Over the last few weeks, the focus of the world's media has turned towards negotiations within the United Nations on the outcome document for the September World Summit. While detailed negotiations on 39-page bureaucratic documents don't usually make for great headlines, the battles raging between Member States have caught the attention of the international press.

This is because Member States have been arguing about the most minimal of collective commitments, even simple restatements of past promises. Most worrying has been the possibility that Member States dilute their commitment to the Millennium Declaration and the Millennium Development Goals (MDGs).

That being said, I am not convinced that the policy changes required to meet the MDGs can be achieved through texts such as the Summit outcome document.

Of course, I am not saying that the outcome of the Summit is unimportant. Far from it. At a minimum, the outcome should reinforce and not water down the international commitments included in the Millennium Declaration and the MDGs.

Nevertheless, the internationally-agreed language included in such documents, by its very nature is vague (i.e. it is not country-specific) and usually reflects the lowest common denominator between countries with differing interests and opportunities. More importantly, if such commitments are not translated into concrete action by individual countries, there can be no progress in addressing the extreme poverty suffered by millions in developing countries.

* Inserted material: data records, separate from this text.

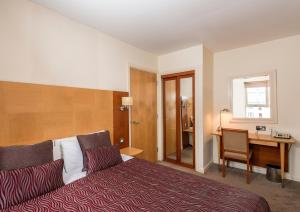 爱丁堡荷里路德公寓酒店的酒店客房配有一张床、一张书桌和一张书桌。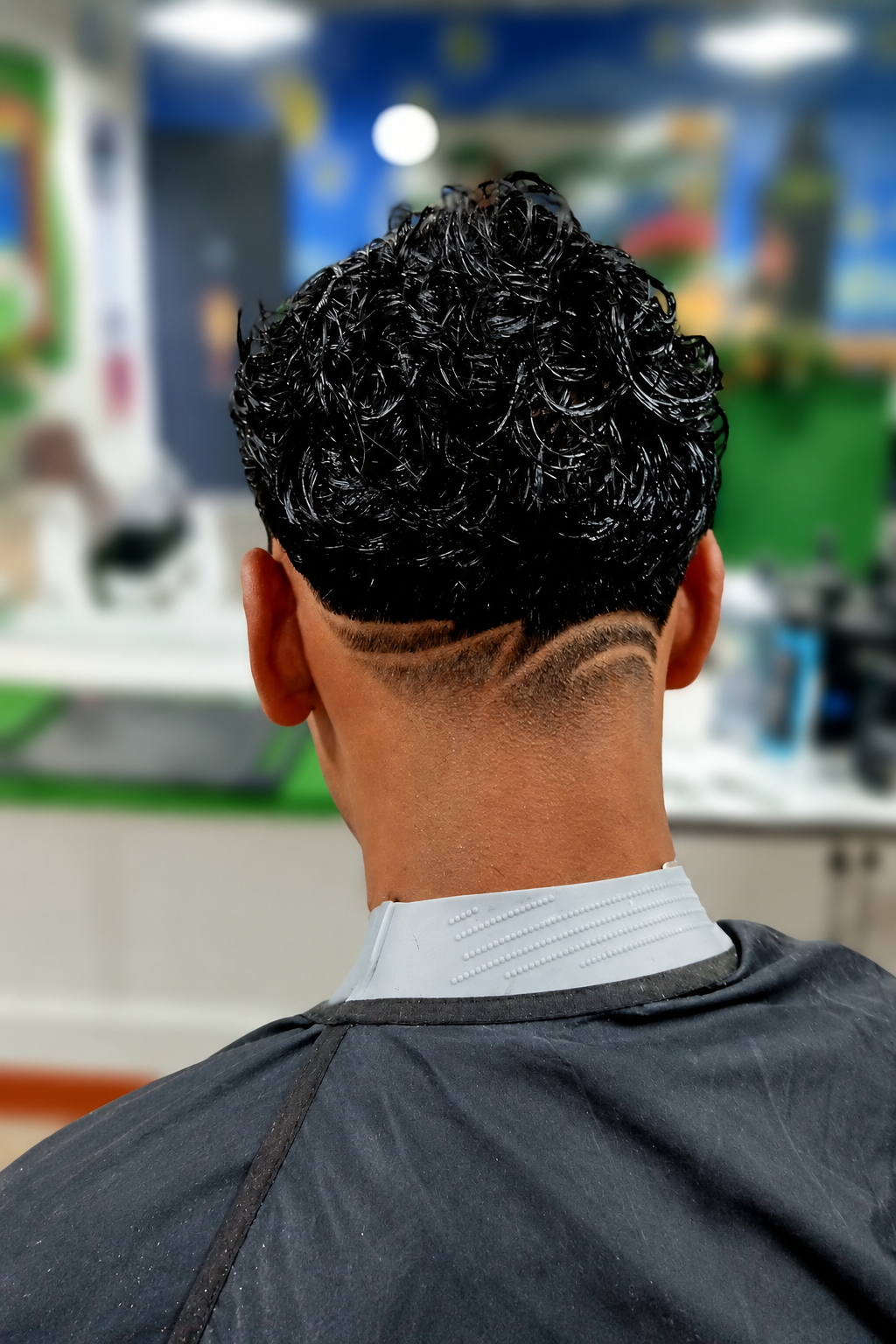 Corte de cabello rizado con diseño de líneas en la nuca realizado en Rocky&Chely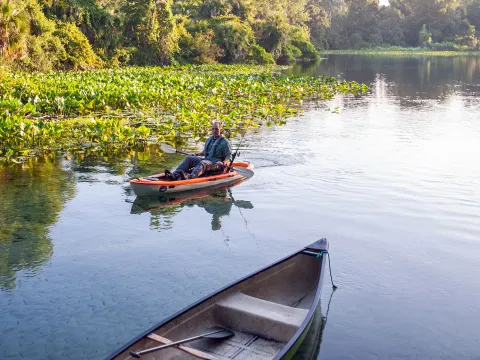 Man paddling a kayak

Goals should be met. The Goals will only be met if individual countries implement what they have promised and go beyond the minimal international consensus wherever possible.

One country that has done this is Sweden, which will provide 1 per cent of GNI in official development assistance next year. Countries in East Asia and Latin America are another example, as some have decided to extend the Goal on universal access to education beyond primary to secondary education.

The Summit provides a golden opportunity for leaders from both rich and poor countries to announce country-specific action plans to make their commitments concrete. Action plans should be tailored to the national context and should include quantified commitments and time-bound implementation schedules.

Commitments are not worth the paper they are written on, if they are not followed through. Rich countries should focus on aid, debt and trade. Those that have not already done so should set a timetable and implementation schedule for increasing official development to at least 0.7 per cent of GNI by 2010 at the latest.

They also need to improve the effectiveness of aid: donors need to harmonise and streamline aid procedures and ensure that they support and don't undermine local priorities, programmes and capacity.

One measure that could immediately increase the value of assistance to poor countries would be to fully untie all aid. Debt relief should also be extended to cover 100 per cent of the official debt of all low-income countries, allowing resources to be released to finance development.

Perhaps most crucially developed countries need to reform trade and agricultural policies. Even if rich countries prefer to make formal commitments in the context of WTO negotiations, they need to fully engage now to ensure that the Doha round of negotiations will indeed be a development round as promised.

They need to be proactive in pushing the negotiations forward, for example by setting dates for the elimination of agricultural subsidies that distort the markets that poor countries depend upon, and by committing to full duty- and quota-free access for all low-income countries to allow them to sell their products on rich country consumer markets.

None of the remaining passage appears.